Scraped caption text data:
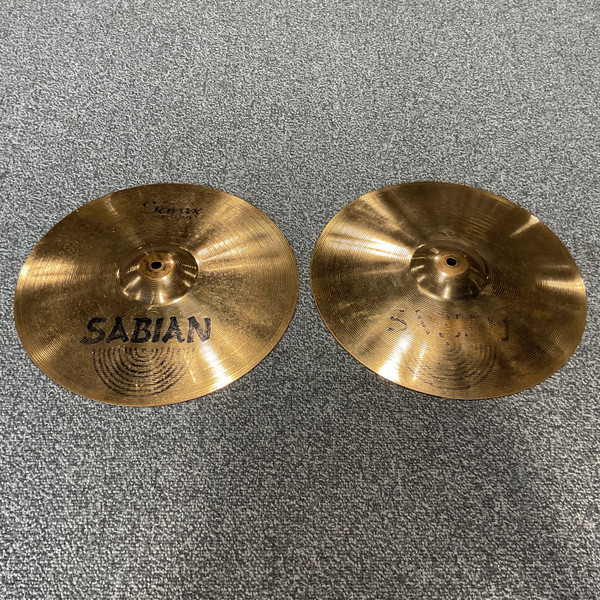 Used Zildjian ZXT ROCK HI HAT 14IN Hi Hat Cymbals 14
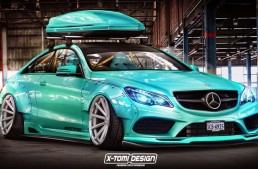 Rendered tuning – The Mercedes-Benz E-Class Coupe by X-Tomi Design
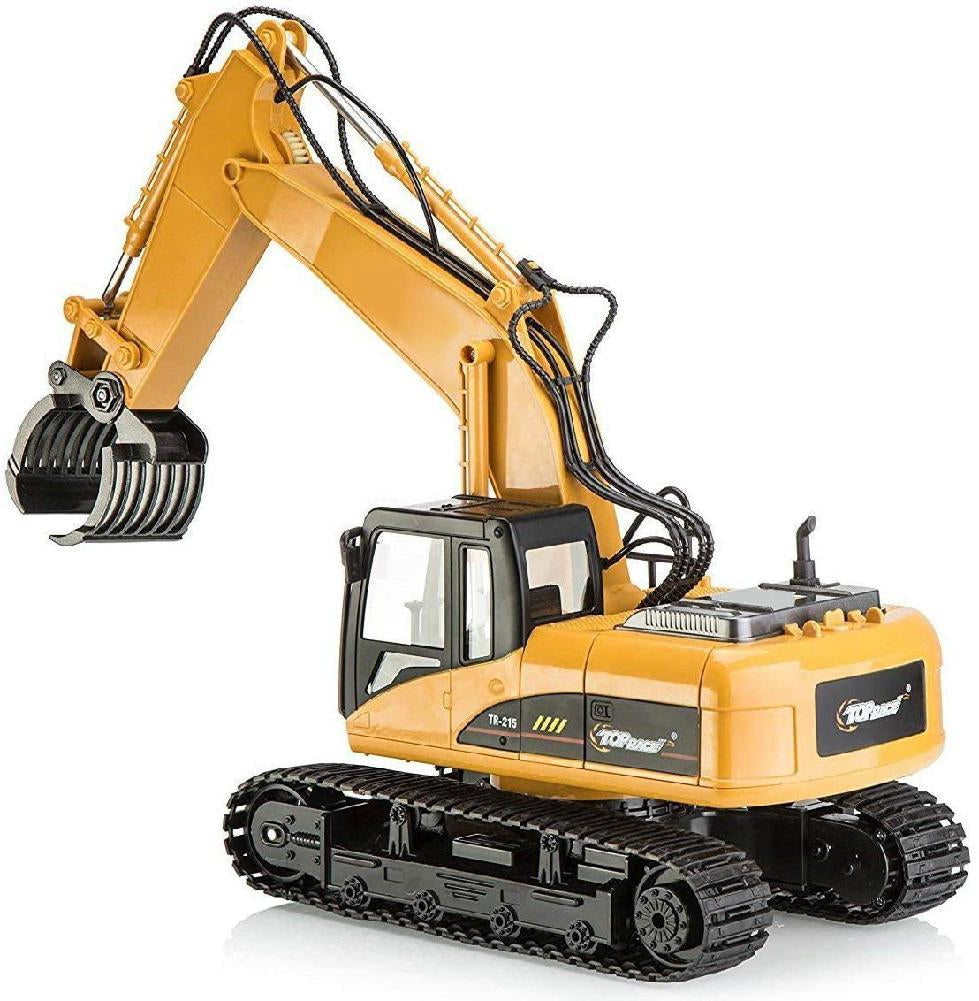 Huina 1570 RC Alloy Excavator Grabbing Machine 1:14 16CH Engineering Car Toy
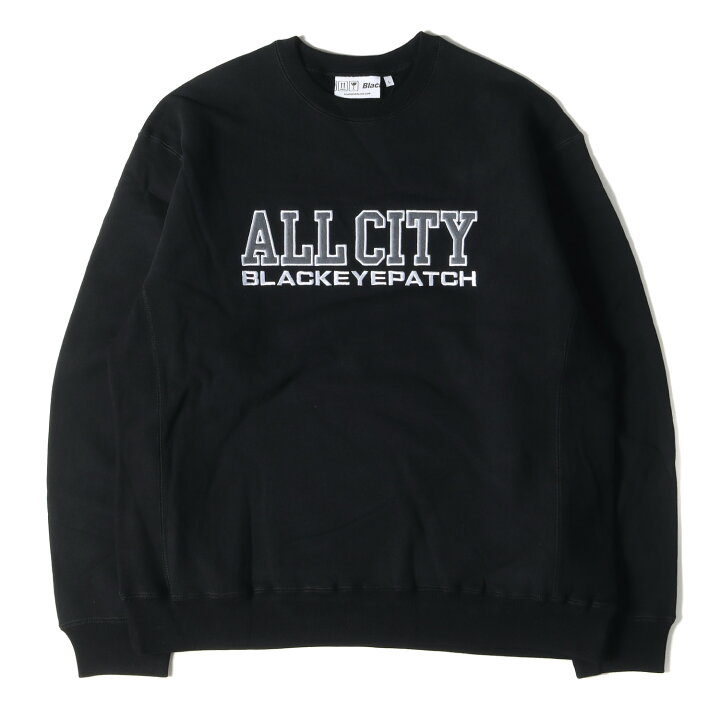 楽天市場】BlackEyePatch ブラックアイパッチ スウェット ALL CITYロゴ  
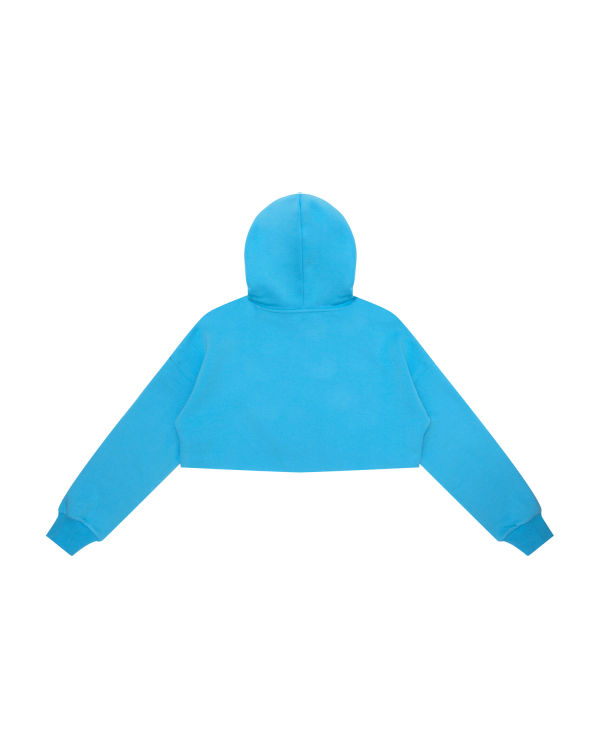 Bape Apee logo cropped hoody Mikiny S Kapucňou Damske Modre | SK-7416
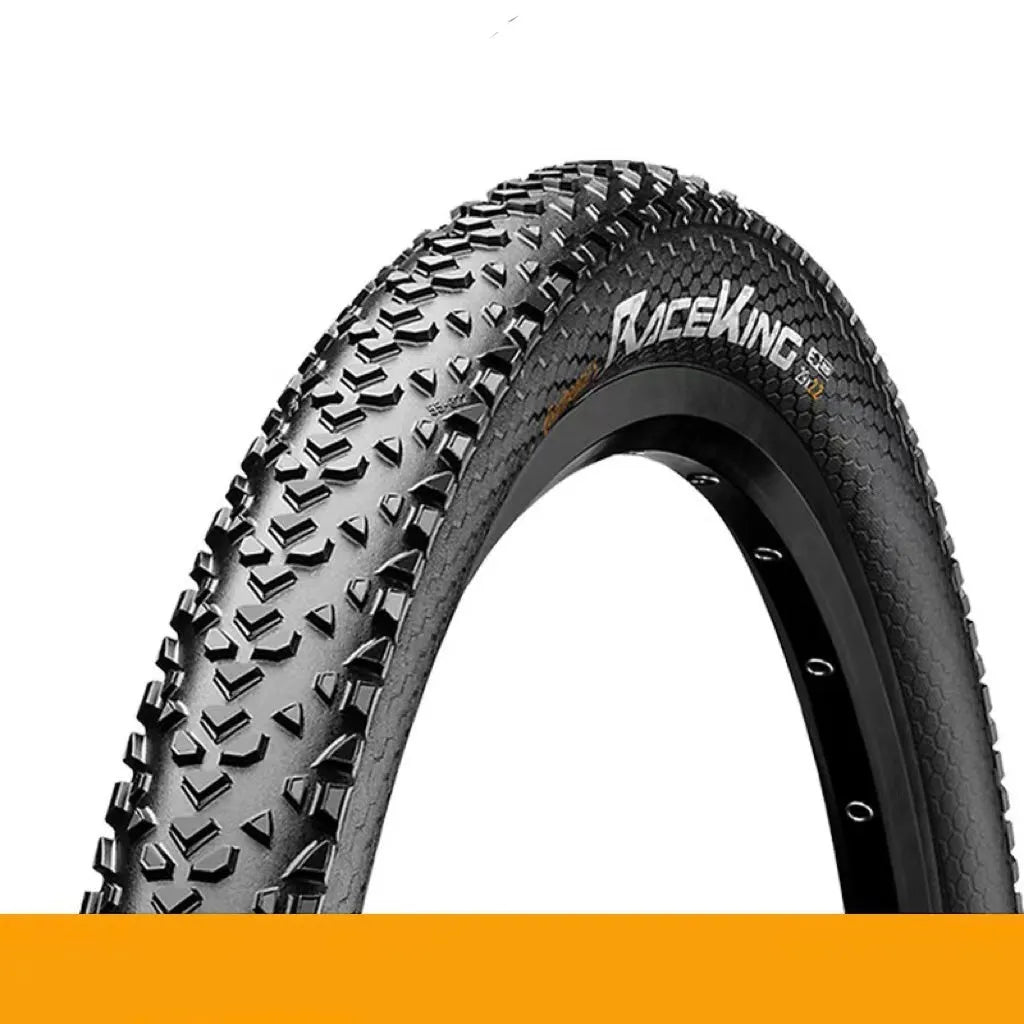 Mountain bike outer tyre showing yellow and white sidewall options for 26, 27.5, and 29-inch wheel sizes.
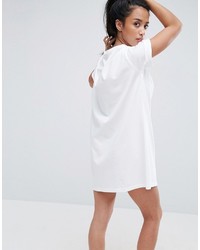 Asos Petite Petite Ultimate T Shirt Dress With Rolled Sleeves
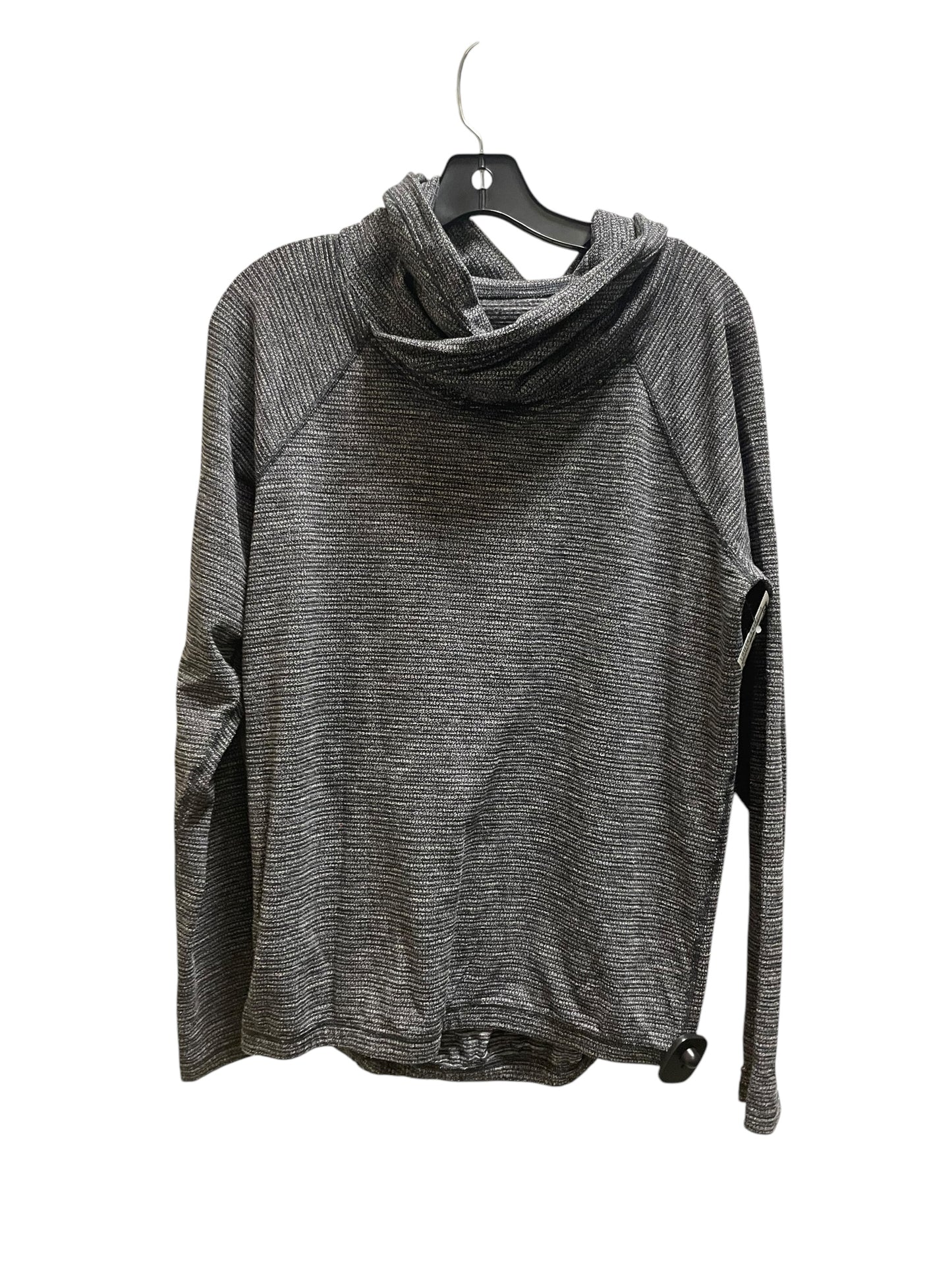 Athletic Top Long Sleeve Collar By Lululemon In Grey, Size: 6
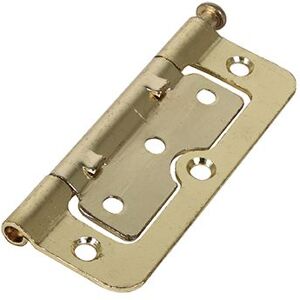 Timco Hurlinge - Loose Pin (104Z) - Electro Brass (Size 100 x 66 - 2 Pieces) in Gold Gold Timco Hurlinge - Loose Pin (104Z) - Electro Brass (Size 100 x 66 - 2 Pieces) in Gold Gold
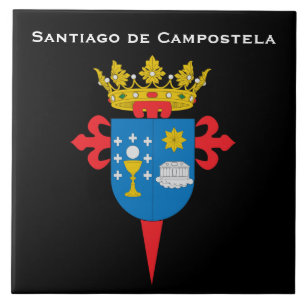 Carreau de céramique de Santiago de Campostela*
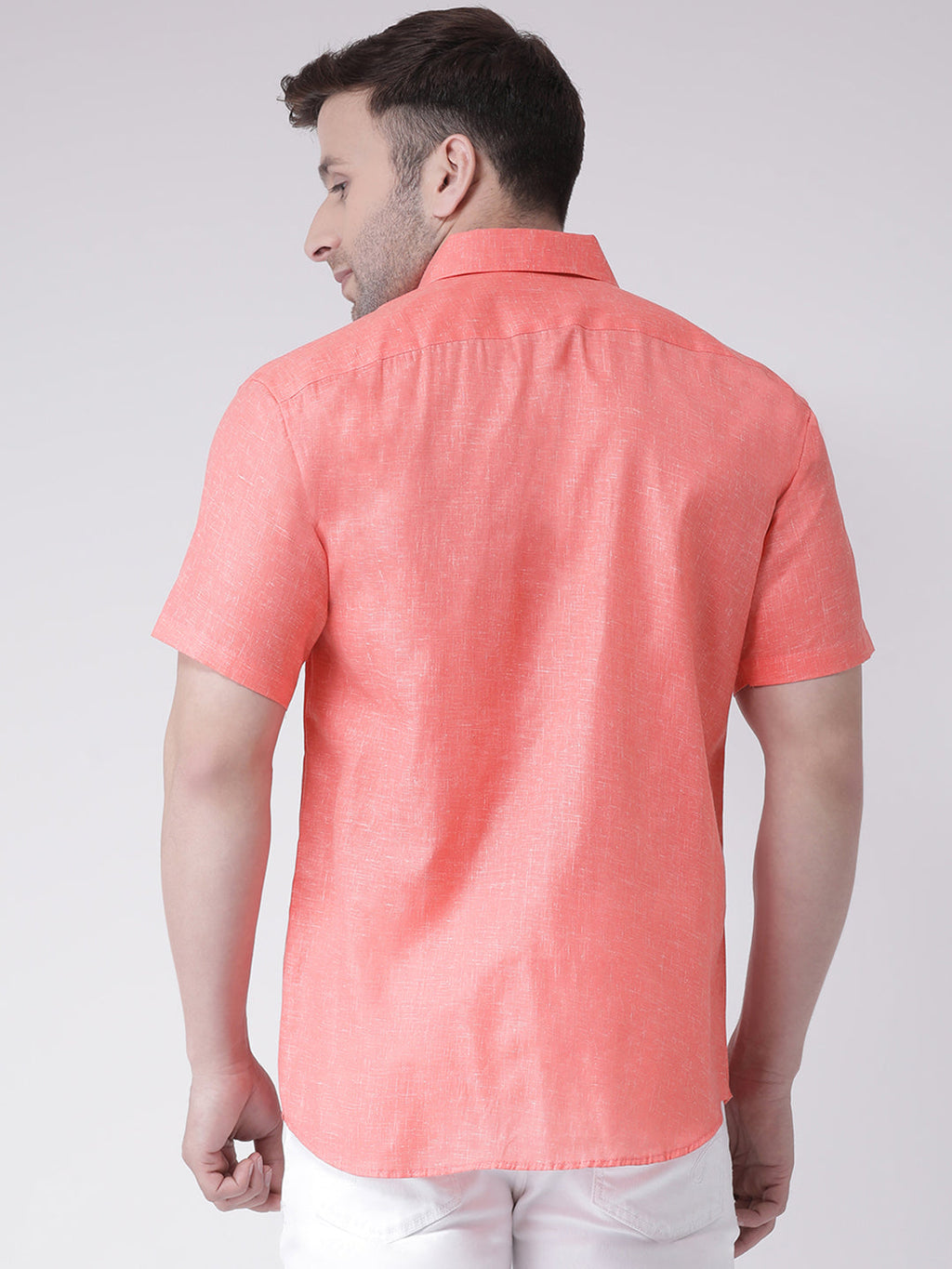 RIAG Orange Men's Half Sleeves Shirt | Grocsy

#### DIRECTIONS:
What is needed is an exact copy of every record above, minus the images.

#### ANSWER BOX:
 Used Zildjian ZXT ROCK HI HAT 14IN Hi Hat Cymbals 14
 Rendered tuning – The Mercedes-Benz E-Class Coupe by X-Tomi Design
 Huina 1570 RC Alloy Excavator Grabbing Machine 1:14 16CH Engineering Car Toy
 楽天市場】BlackEyePatch ブラックアイパッチ スウェット ALL CITYロゴ  
 Bape Apee logo cropped hoody Mikiny S Kapucňou Damske Modre | SK-7416
 Mountain bike outer tyre showing yellow and white sidewall options for 26, 27.5, and 29-inch wheel sizes.
 Asos Petite Petite Ultimate T Shirt Dress With Rolled Sleeves
 Athletic Top Long Sleeve Collar By Lululemon In Grey, Size: 6
 Timco Hurlinge - Loose Pin (104Z) - Electro Brass (Size 100 x 66 - 2 Pieces) in Gold Gold Timco Hurlinge - Loose Pin (104Z) - Electro Brass (Size 100 x 66 - 2 Pieces) in Gold Gold
 Carreau de céramique de Santiago de Campostela*
 RIAG Orange Men's Half Sleeves Shirt | Grocsy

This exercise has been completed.